Net Capital Rule - Net Capital Rule in Financial Crisis Inquiry Commission Report

Net Capital Rule in Financial Crisis Inquiry Commission Report

The Financial Inquiry Crisis Report ("FCIC Report") issued by the FCIC on January 27, 2011, presented the FCIC majority's view of the effect of the 2004 net capital rule change on leverage by stating: "Leverage at the investment banks increased from 2004 to 2007, growth that some critics have blamed on the SEC's change in the net capital rules…In fact, leverage had been higher at the five investment banks in the late 1990s, then dropped before increasing over the life of the CSE program—a history that suggests that the program was not solely responsible for the changes."

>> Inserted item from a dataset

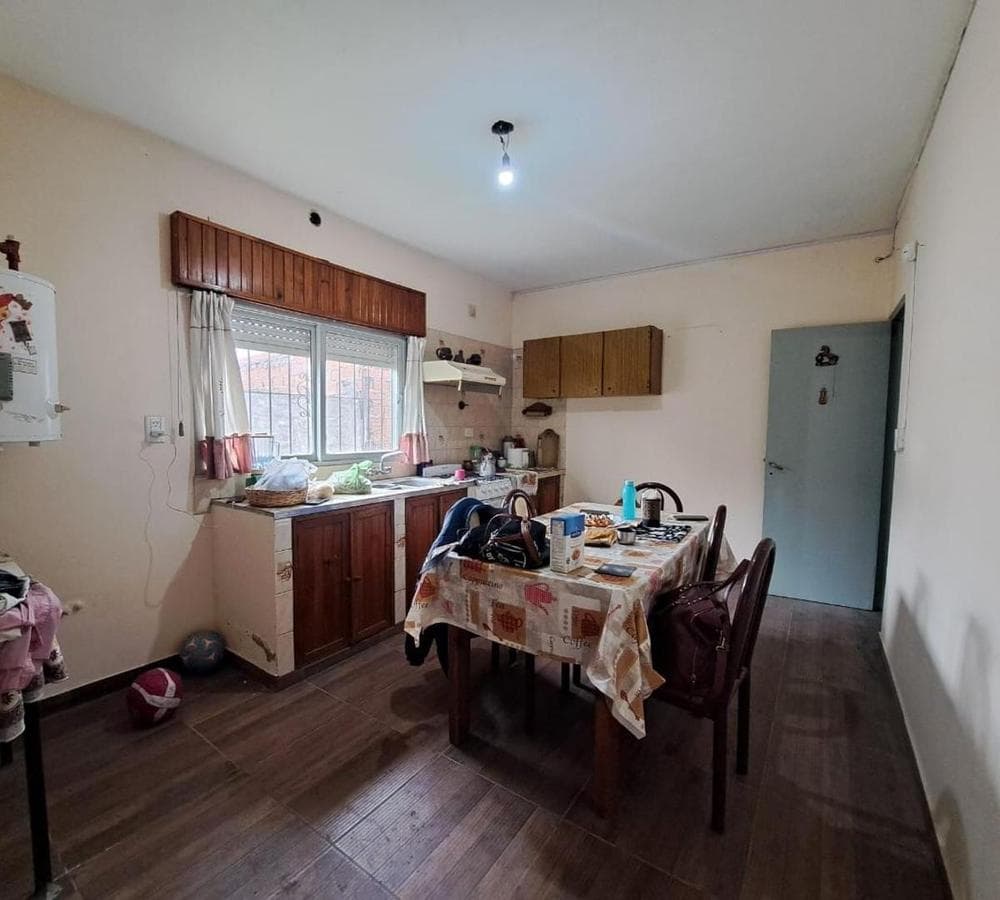 HOUSE FOR SALE: 3-ROOM HOME IN MERLO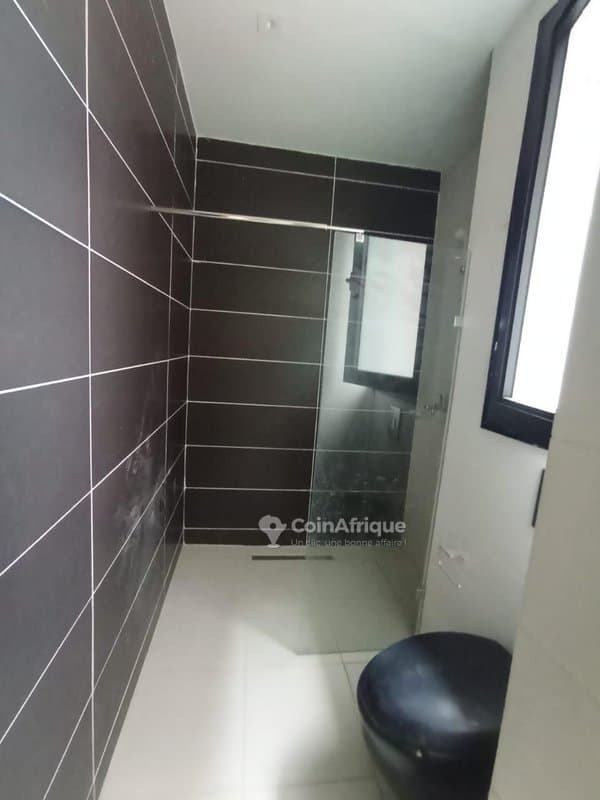 Location appartement de standing 4 pièces - Cocody 2 plateaux 7eme tranche — photo 4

Thus, while the FCIC Report identified leverage, especially leverage at investment banks, as an important feature of the financial crisis, it did not identify the 2004 net capital rule change as creating or permitting that leverage. The FCIC Report also noted the 18 month delay before all the CSE Holding Companies qualified for the CSE Program. While the FCIC Report did not draw any conclusion from this delay beyond including it in a general critique of the SEC's execution of the CSE Program, as described in Section 5.2 above the delay eliminates the 2004 rule change from playing a role in any increase in CSE Holding Company leverage in 2004. Because they all only entered the CSE Program at the beginning of their 2006 fiscal years, the delay eliminates the 2004 rule change from playing a role in any 2005 leverage increases reported by Bear Stearns, Lehman Brothers, or Morgan Stanley.

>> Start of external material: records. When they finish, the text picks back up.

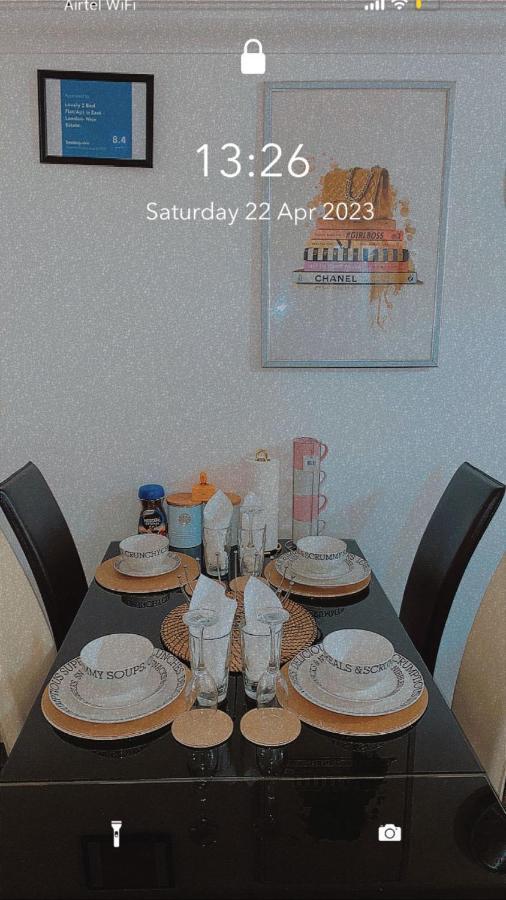 Lovely 2 Bed Flat/Apt In East London- Nice Estate. Dagenham Exterior photo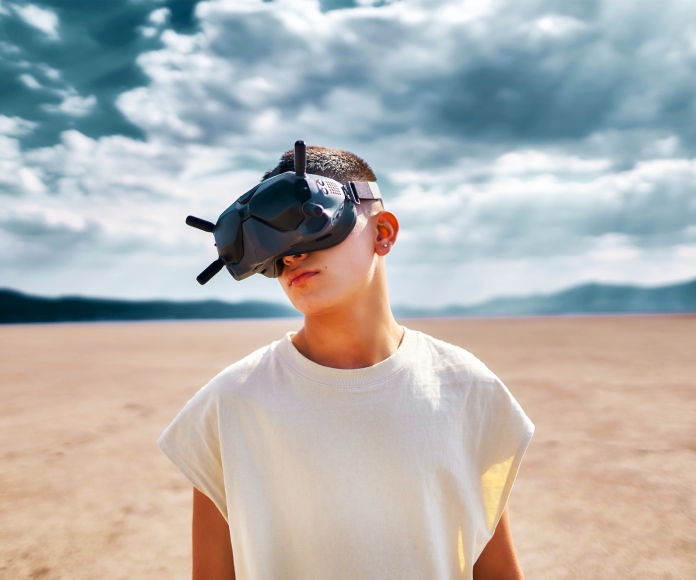 Joven con lentes VR en el desierto.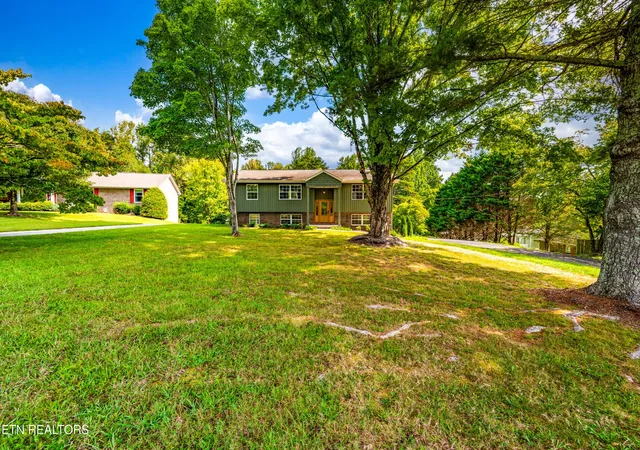 Photo 2 of Sale Pending at 1205 Hoss Rd, Powell, TN 37849 | MLS# 3270239 | Listing updated on 2026-09-22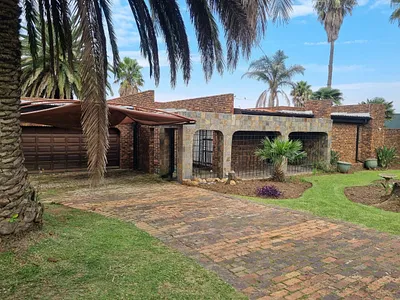 3 Bedroom House For Sale in Boksburg - 8VXn.webp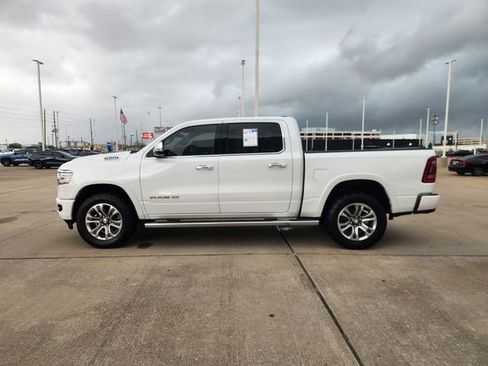 Used 2021 RAM 1500 Limited w/ Body Color Bumper Group image 4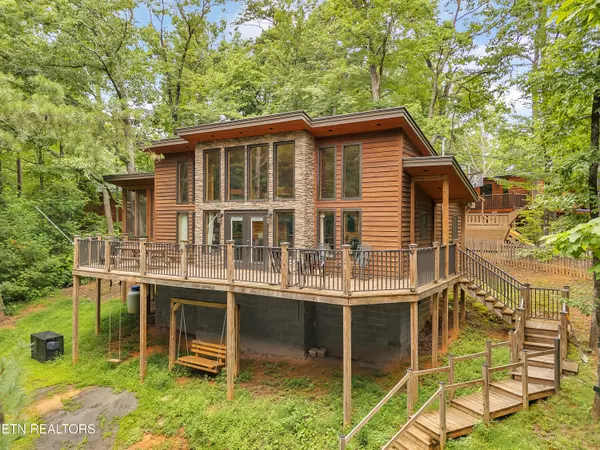 Sevierville, TN 37876,2404 Bobs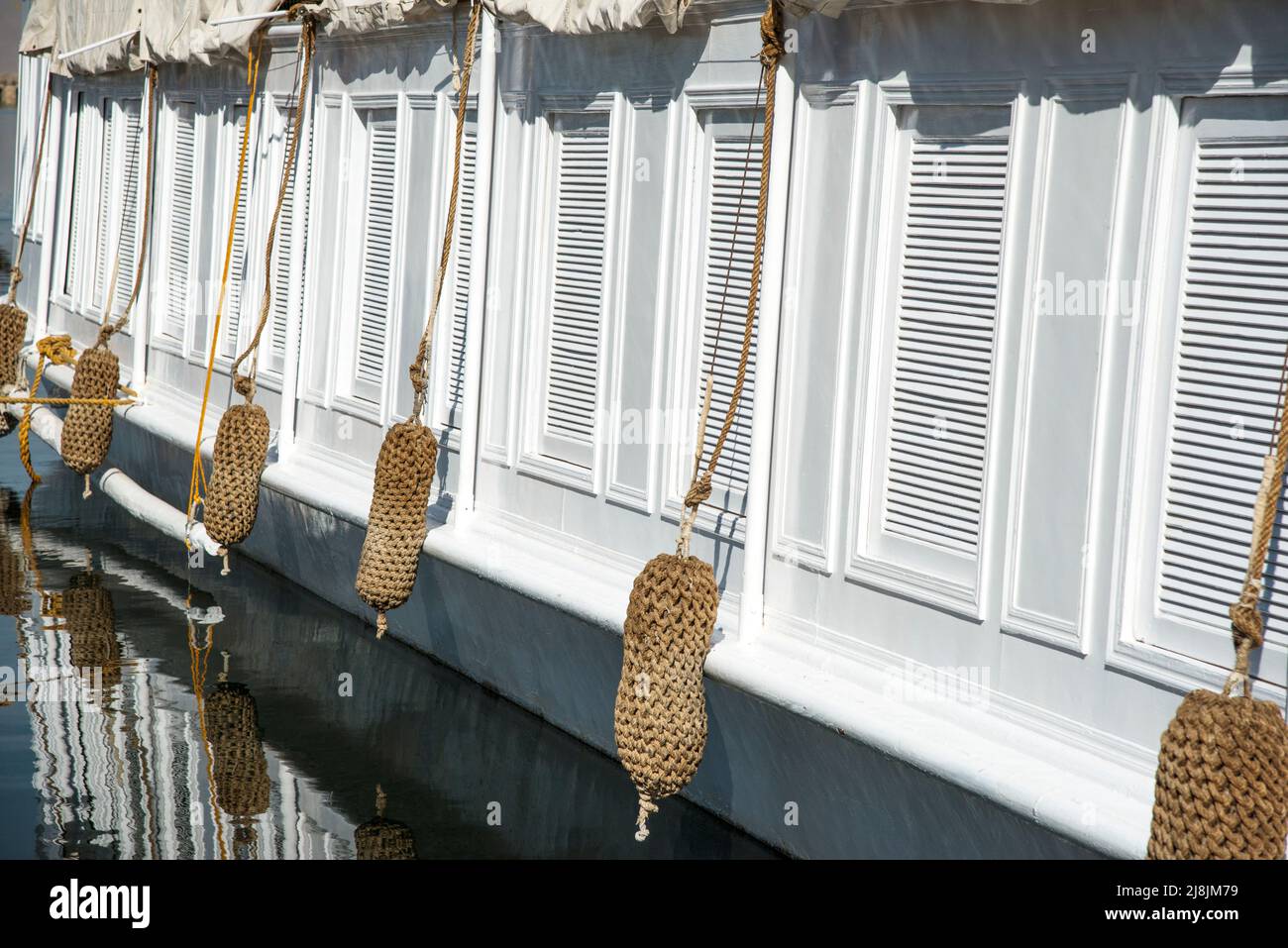 Battelli su una barca a vela turistica sul Nilo Dahabiya Foto Stock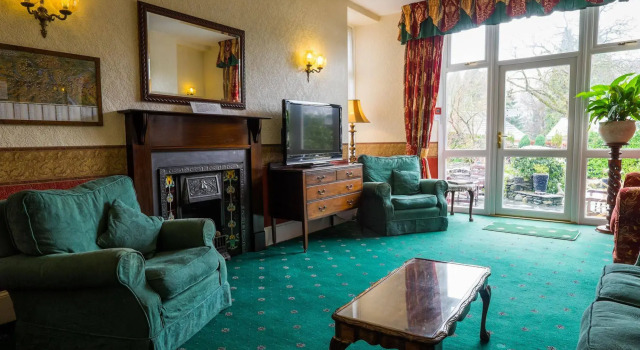 The Willowsmere - Adults Only, Забронировать Гостевой дом Отели в центре Уиндермир, в центре, Завтраки, Парковка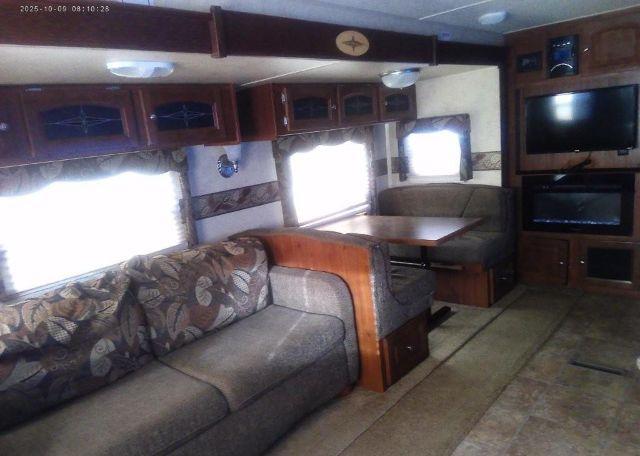 2011 FOREST RIVER INC. 34FT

The FCIC Report was highly critical of the SEC's implementation of the CSE Program, rejected former SEC Chairman Christopher Cox's assertion that the program was "fatally flawed" by being voluntary, and specifically concluded that the SEC failed to exercise the powers it had under the CSE Program to restrict the "risky activities" of CSE Holding Companies and to "require them to hold adequate capital and liquidity for their activities." The SEC did not have those powers before 2004 and only gained them through the CSE Program.

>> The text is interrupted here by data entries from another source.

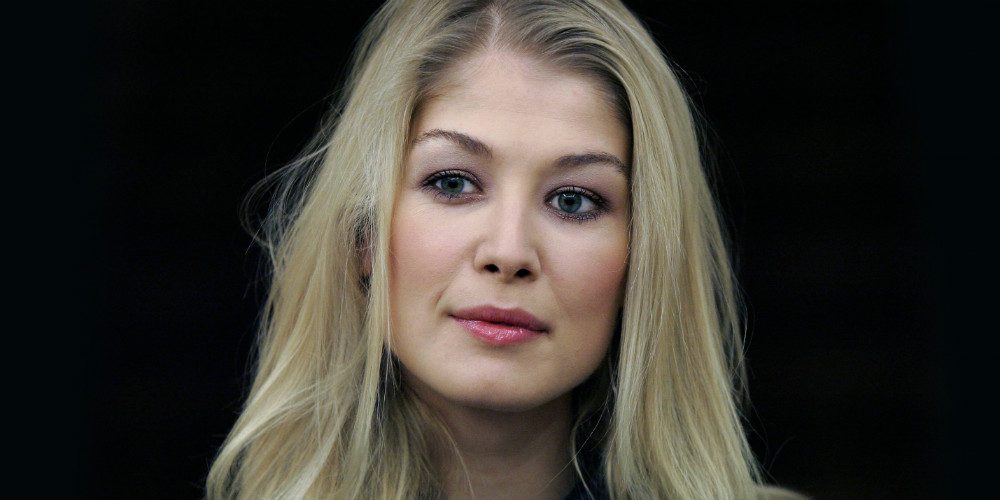 Rosamund Pike érdekességek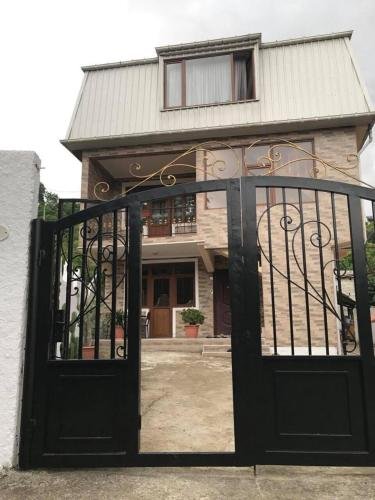Батуми: Lela's Guest house
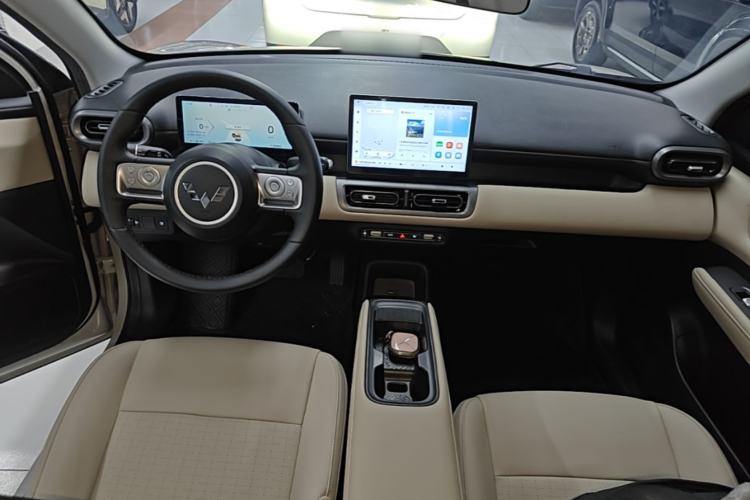Used Wuling Bingo PLUS 2024 401 km Range 5-Seater Version Center Console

The persistent confusion about the application of the net capital rule to CSE Holding Companies, however, resurfaced in the FCIC Report. After explaining the net capital rule applied to broker-dealers, not their parent holding companies, the FCIC Report misquoted the 2009 Sirri Speech as stating "investment bank net capital was stable, or in some cases increased, after the rule change." As a more serious indication of continuing misunderstanding of the 2004 rule change, on the day the FCIC issued its report (January 27, 2011) economist Robert Hall addressed an MIT symposium on economics and finance. In describing the background to the financial crisis he stated: "I think that the one most important failure of regulation is easy to identify. In 2004 the SEC removed its capital requirements on investment banks… So the reason that Lehman was able to do what it did, which proved so destructive, was that it had no limits on the amount of leverage it could adopt."